Gibril ne se donne quasiment pas au Maghreb, mais se donne pas mal en Afrique noire. Allez y comprendre quelque chose : le frère qui me l'a donné est d'origine algérienne. Les voies du seigneur...

l'eau coule

Déjeuné avec le responsable du groupe de Paris. C'est toujours aussi agréable, rien que d'être avec lui. On a parlé de beaucoup de choses. Du fait que certaines fois on se complique inutilement la vie.

A ce sujet il m'a cité une phrase de Sidi Hamza qui m'a bien plu : "l'eau coule, c'est nous qui mettons les pierres". En d'autres termes, c'est nous qui mettons des obstacles, des barrières, alors que parfois la vie serait tellement plus simple si on la prenait comme elle vient.

C'est un peu comme l'adage soufi "ce que tu as, abandonne le ; ce que tu sais, oublie le ; ce qui t'advient, ne l'esquives pas".

On a parlé aussi de l'intention. Il m'a rappelé (et c'est pas inutile) que chaque acte qu'on accomplit ne vaut que par l'intention. C'est quelque chose qui m'aurait paru très creux il y a quelques mois, mais aujourd'hui ça me parle vraiment. Evidemment ça s'applique aux actes rituels, mais aussi à tout ce qu'on fait.

Je reviendrai sur ces histoires d'intention. C'est un peu compliqué quand on cherche à l'appliquer à certains domaines. Pour ce qui est de l'élue de mon coeur, je crois que mon intention est pure. J'ai enfin la certitude que je veux l'épouser. Et ça même si la situation n'est toujours pas simple c'est déjà quelque chose.

leçon

Bon j'ai naturellement plein de choses en tête en ce moment, je suis très troublé. Mais j'ai aussi des moments de paix. Hier matin j'ai parlé à un monsieur que je vois depuis longtemps il est très souvent assis dans la station de métro où j'arrive le matin. C'est un africain, assez âgé. Je le voyais depuis longtemps annoter un livre écrit en arabe...

Pas besoin de beaucoup réfléchir pour comprendre que le livre c'est une partie du Coran. Ce monsieur a un look assez "musulman". Mais je n'avais jamais osé lui demander ce qu'il faisait. Je lui ai donc parlé hier matin. Il m'a expliqué qu'il apprend tout simplement l'arabe, comme il peut, en lisant et en annotant.

Quand je pense à ce monsieur qui a certainement 70 ans et qui passe du temps tous les matins à apprendre, ça me fait tout drôle. Il y a sans doute une leçon à en tirer, même si c'est pas trop mon genre de prendre des leçons.

10.1.05

crash test

Je crois que ma conversion "précipitée" aura le mérite de me mettre au pied du mur. J'en ai parlé ainsi que du soufisme à l'élue de mon coeur.

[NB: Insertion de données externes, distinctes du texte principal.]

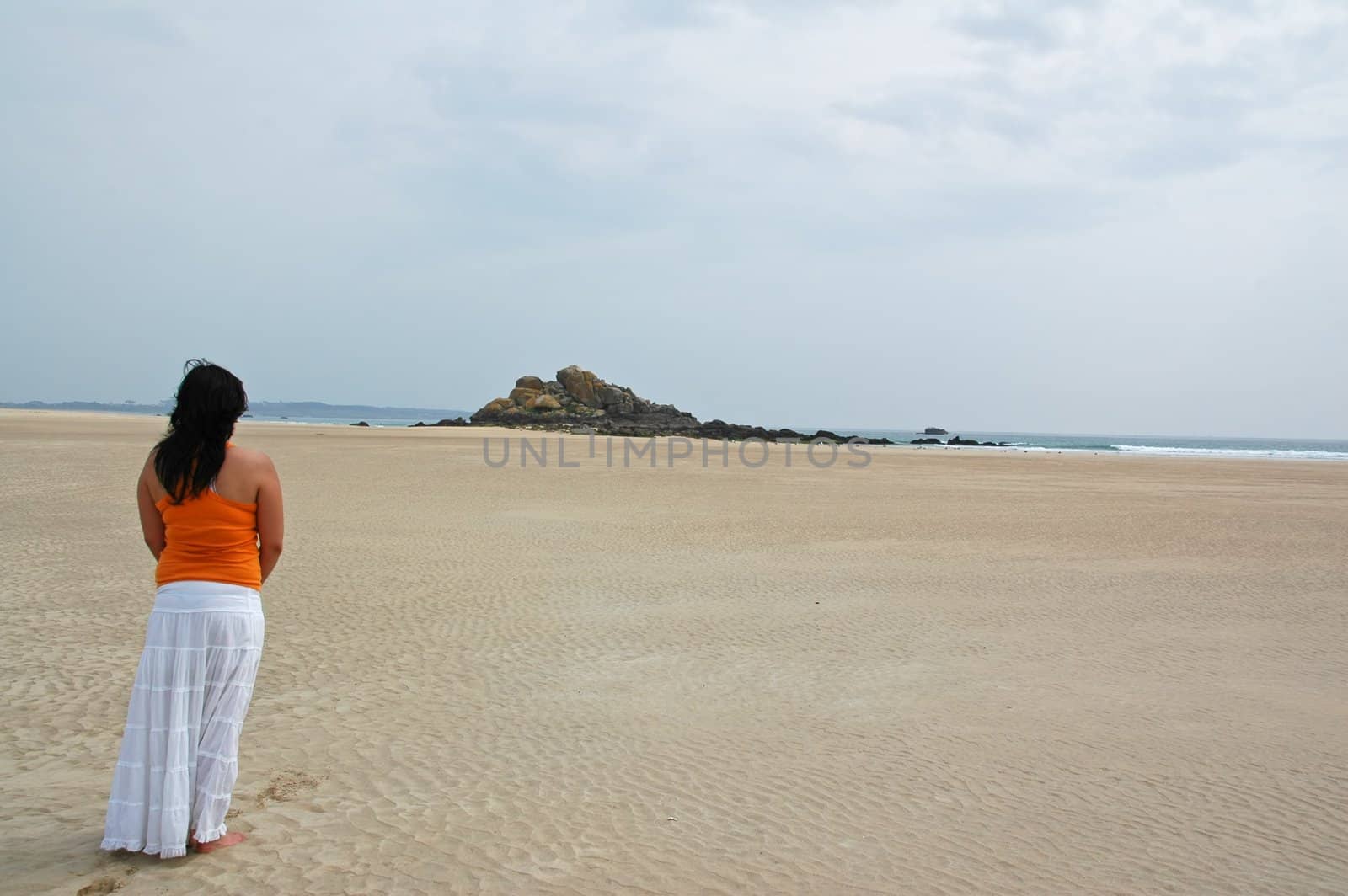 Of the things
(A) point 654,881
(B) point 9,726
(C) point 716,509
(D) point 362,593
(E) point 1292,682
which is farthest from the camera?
(C) point 716,509

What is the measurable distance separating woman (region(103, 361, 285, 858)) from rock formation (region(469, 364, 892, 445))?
62.5 meters

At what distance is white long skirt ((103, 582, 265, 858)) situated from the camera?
3.77m

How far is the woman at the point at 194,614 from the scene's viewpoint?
377 cm

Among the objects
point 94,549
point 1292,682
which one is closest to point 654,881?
point 1292,682

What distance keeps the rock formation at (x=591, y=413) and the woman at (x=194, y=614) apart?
62485 millimetres

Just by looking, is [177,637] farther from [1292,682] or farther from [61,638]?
[1292,682]

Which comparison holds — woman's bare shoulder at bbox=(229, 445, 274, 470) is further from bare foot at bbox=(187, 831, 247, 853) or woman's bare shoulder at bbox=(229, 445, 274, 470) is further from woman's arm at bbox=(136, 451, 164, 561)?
bare foot at bbox=(187, 831, 247, 853)

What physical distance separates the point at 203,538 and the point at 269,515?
270 mm

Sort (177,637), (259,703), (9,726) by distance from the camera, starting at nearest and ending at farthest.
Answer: (177,637) → (9,726) → (259,703)

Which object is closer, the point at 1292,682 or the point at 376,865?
the point at 376,865

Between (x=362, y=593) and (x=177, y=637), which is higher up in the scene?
(x=177, y=637)

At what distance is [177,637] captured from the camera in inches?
148

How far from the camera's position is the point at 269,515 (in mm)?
3936

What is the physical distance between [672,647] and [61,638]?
5533 mm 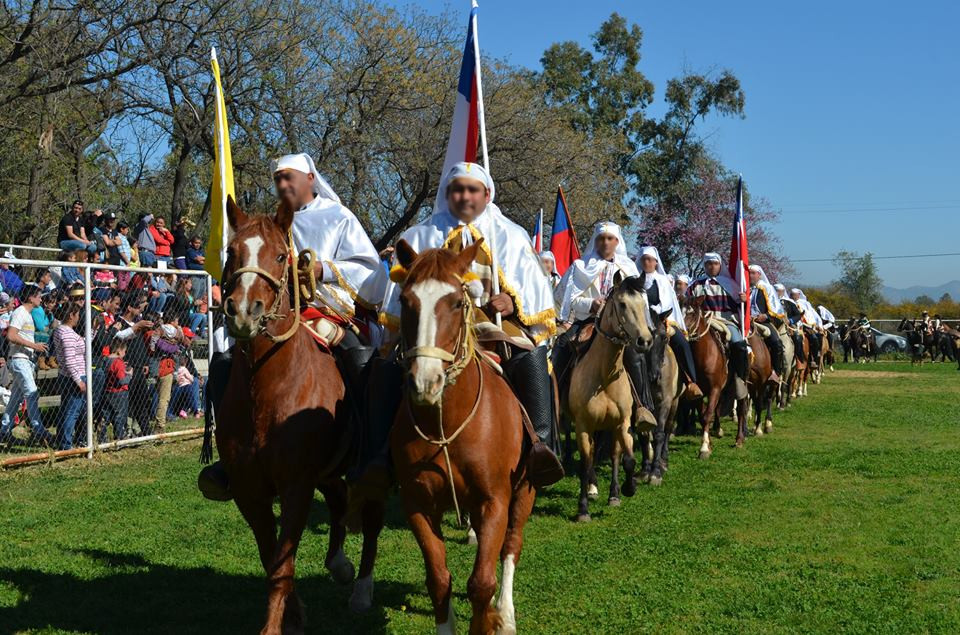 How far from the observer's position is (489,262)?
619 cm

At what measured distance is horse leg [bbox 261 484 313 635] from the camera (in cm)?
528

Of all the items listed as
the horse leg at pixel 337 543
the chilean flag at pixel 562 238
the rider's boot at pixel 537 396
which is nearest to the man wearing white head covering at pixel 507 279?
the rider's boot at pixel 537 396

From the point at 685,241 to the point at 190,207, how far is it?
26772mm

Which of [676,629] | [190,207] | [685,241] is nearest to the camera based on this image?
[676,629]

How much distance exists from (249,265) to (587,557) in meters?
4.20

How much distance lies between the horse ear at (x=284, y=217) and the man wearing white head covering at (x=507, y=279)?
2.69 ft

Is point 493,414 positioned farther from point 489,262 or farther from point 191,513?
point 191,513

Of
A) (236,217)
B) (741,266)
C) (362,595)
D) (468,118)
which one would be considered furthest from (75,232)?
(236,217)

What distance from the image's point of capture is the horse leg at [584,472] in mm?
9539

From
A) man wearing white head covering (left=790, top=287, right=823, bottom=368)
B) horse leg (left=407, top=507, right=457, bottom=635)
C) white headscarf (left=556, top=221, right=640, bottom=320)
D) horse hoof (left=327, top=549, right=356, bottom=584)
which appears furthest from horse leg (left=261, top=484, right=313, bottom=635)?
man wearing white head covering (left=790, top=287, right=823, bottom=368)

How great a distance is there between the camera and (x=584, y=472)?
383 inches

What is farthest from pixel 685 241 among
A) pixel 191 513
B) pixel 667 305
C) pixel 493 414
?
pixel 493 414

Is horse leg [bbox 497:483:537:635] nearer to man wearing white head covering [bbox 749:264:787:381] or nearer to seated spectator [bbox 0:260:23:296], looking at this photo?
seated spectator [bbox 0:260:23:296]

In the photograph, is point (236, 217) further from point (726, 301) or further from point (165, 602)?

Sans surprise, elle réagit mal (elle pense que je vais vers la religion pour elle et que du coup mon intention n'est pas pure).

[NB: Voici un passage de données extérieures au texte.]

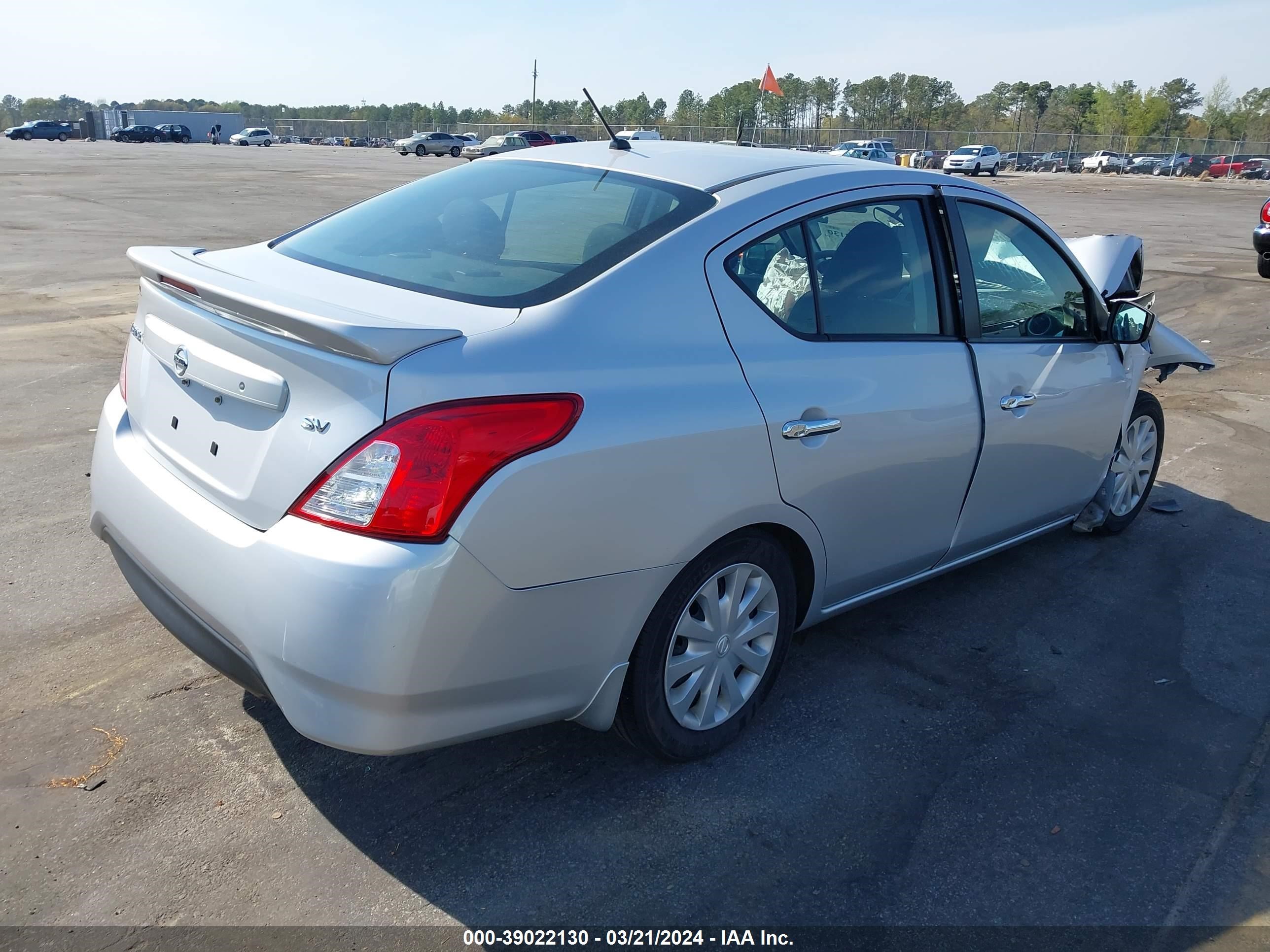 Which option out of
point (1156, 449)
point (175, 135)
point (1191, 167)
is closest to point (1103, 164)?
point (1191, 167)

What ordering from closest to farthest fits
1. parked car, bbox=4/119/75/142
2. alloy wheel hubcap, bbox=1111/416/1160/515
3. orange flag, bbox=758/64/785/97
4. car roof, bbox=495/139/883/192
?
car roof, bbox=495/139/883/192
alloy wheel hubcap, bbox=1111/416/1160/515
orange flag, bbox=758/64/785/97
parked car, bbox=4/119/75/142

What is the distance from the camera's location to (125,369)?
315 cm

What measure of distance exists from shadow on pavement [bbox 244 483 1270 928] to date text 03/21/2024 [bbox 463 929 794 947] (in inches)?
1.3

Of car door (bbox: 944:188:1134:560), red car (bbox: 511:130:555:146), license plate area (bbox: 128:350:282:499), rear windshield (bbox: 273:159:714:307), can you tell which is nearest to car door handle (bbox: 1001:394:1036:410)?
car door (bbox: 944:188:1134:560)

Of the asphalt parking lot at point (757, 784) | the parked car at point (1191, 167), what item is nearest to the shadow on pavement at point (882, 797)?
the asphalt parking lot at point (757, 784)

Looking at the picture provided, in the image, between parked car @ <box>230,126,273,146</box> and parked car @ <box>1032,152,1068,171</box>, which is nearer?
parked car @ <box>1032,152,1068,171</box>

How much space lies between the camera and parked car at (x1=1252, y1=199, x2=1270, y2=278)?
46.9 ft

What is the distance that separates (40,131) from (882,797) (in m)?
88.0

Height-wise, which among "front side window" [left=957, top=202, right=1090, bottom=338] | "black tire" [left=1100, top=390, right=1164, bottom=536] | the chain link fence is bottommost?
"black tire" [left=1100, top=390, right=1164, bottom=536]

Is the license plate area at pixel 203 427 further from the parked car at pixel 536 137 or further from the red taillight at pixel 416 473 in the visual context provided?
the parked car at pixel 536 137

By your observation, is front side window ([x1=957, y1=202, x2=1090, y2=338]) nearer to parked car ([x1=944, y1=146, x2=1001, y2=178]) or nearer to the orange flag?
the orange flag

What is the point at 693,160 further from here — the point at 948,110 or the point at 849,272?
the point at 948,110

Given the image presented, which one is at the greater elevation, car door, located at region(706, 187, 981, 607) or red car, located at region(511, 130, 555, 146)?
red car, located at region(511, 130, 555, 146)

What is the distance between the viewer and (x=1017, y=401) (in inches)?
149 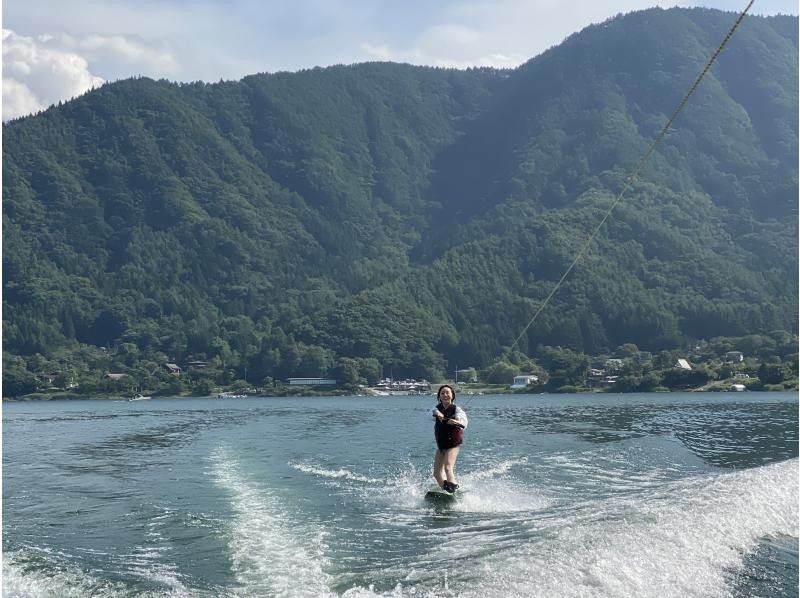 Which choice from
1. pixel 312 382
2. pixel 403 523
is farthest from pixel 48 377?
pixel 403 523

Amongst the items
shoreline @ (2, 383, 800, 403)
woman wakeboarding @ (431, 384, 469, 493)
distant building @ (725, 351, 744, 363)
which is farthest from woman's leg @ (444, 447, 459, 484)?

Du coup je vais assez vite savoir si j'en suis arrivé là pour de bonnes ou de mauvaises raisons. Peut-être que ce n'est pas la bonne façon de poser le problème ; on verra bien. Cette jeune femme pense aussi que c'est le malheur qui nous fait nous tourner vers Dieu, et que dès que Dieu nous soulage, on l'oublie (y a un verset qui parle de ça)... tout un programme.

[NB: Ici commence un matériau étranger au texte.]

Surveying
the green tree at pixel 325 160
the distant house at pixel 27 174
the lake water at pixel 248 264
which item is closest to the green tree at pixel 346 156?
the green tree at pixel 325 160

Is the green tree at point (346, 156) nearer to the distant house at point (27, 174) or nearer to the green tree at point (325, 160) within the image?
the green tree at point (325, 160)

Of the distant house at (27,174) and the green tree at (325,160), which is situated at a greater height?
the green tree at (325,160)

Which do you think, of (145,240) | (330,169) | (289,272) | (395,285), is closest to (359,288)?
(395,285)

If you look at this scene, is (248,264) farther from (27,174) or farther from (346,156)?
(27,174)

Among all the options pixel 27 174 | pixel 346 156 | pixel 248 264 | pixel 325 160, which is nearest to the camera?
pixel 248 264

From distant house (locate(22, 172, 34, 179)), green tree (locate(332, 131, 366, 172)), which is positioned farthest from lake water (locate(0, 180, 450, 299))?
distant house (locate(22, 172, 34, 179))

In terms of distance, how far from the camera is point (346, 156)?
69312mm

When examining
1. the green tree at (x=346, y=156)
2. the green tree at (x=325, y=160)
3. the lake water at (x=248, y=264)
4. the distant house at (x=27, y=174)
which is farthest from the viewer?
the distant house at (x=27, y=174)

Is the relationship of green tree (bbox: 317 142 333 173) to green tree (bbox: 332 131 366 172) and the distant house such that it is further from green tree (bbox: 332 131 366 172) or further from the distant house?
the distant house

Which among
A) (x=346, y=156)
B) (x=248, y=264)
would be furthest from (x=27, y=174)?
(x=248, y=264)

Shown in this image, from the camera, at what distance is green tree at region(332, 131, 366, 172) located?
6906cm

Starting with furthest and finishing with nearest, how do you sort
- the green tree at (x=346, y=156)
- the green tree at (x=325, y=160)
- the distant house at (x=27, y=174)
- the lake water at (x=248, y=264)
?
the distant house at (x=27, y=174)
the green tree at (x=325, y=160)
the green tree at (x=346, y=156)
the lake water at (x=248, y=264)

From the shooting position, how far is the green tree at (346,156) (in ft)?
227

Ce serait sans doute trop simple si je pouvais juste lui dire "on s'aime, on cherche tous les deux à aller vers Dieu, marions nous". Quoi qu'il en soit, je me sens seul... ce qui est sans doute mieux. Seul face à Dieu je vais sans doute me rendre compte assez vite de si oui ou non une forme de foi, de certitude m'habite.

Hum tout ça n'est pas très clair. Pourquoi faut-il que je me tourmente à ce point ? Je voudrais juste un peu de paix. Et y voir plus clair. Dieu fasse que j'y arrive. Ce week end j'ai vécu la prière avec intensité. Mais comme me l'a dit quelqu'un un jour, l'islam c'est une course de fond, pas un sprint. C'est peut-être cet aspect qui est le plus contraire à mon caractère impatient.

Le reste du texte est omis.